**Exercise input:**
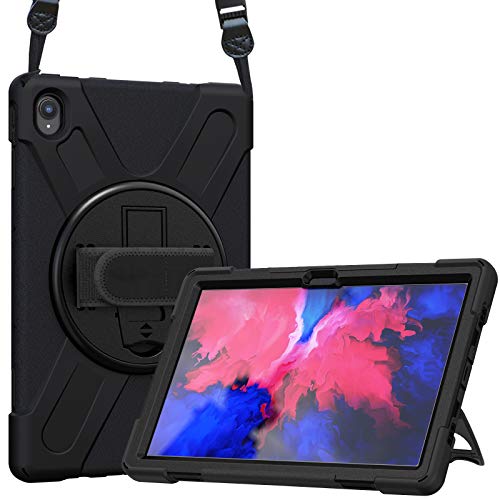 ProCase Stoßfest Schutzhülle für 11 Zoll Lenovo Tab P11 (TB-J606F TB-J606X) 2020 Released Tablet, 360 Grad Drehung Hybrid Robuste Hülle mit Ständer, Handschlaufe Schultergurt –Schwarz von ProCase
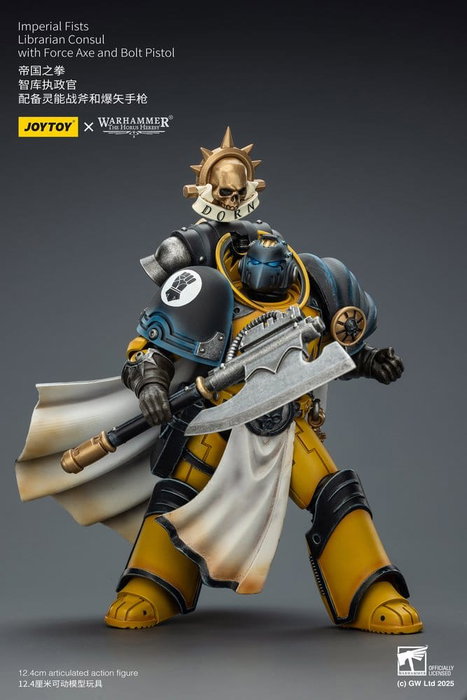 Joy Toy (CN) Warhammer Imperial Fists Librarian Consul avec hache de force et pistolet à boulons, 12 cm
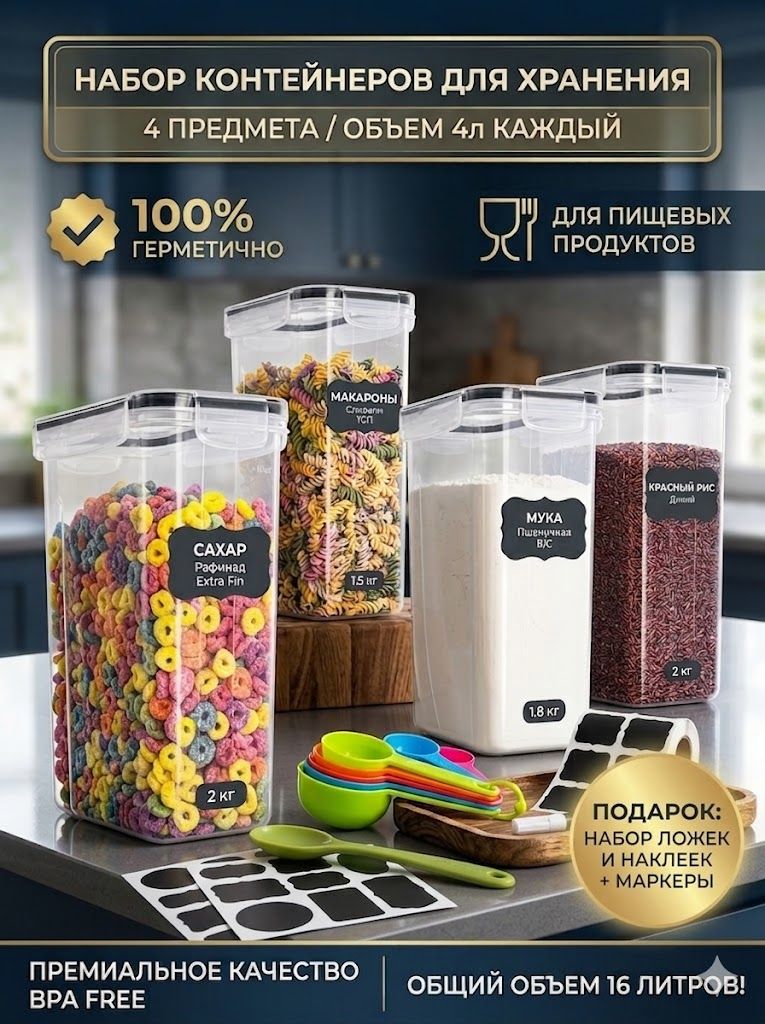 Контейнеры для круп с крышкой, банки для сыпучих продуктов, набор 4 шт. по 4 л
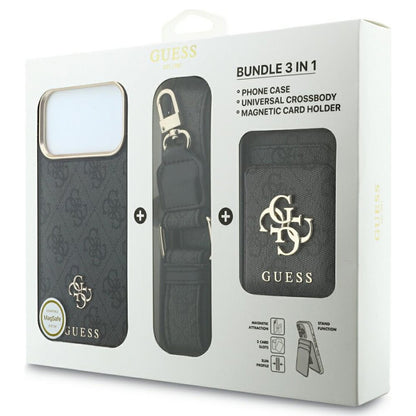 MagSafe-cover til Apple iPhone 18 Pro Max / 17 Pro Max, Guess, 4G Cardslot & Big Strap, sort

* * *

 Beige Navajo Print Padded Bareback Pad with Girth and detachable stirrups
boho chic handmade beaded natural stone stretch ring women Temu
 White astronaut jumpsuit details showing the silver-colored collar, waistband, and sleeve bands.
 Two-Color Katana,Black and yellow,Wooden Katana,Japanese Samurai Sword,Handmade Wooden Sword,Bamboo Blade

==

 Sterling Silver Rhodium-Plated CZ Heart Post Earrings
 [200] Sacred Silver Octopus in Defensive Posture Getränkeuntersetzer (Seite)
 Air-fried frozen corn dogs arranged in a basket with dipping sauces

**What this task involves:** From the material above, set down exactly the lines between the line holding "Sterling Silver Rhodium-Plated" and the line holding "Air-fried frozen corn", inclusive. Include nothing else.

**Exercise response:**
 Sterling Silver Rhodium-Plated CZ Heart Post Earrings
 [200] Sacred Silver Octopus in Defensive Posture Getränkeuntersetzer (Seite)
 Air-fried frozen corn dogs arranged in a basket with dipping sauces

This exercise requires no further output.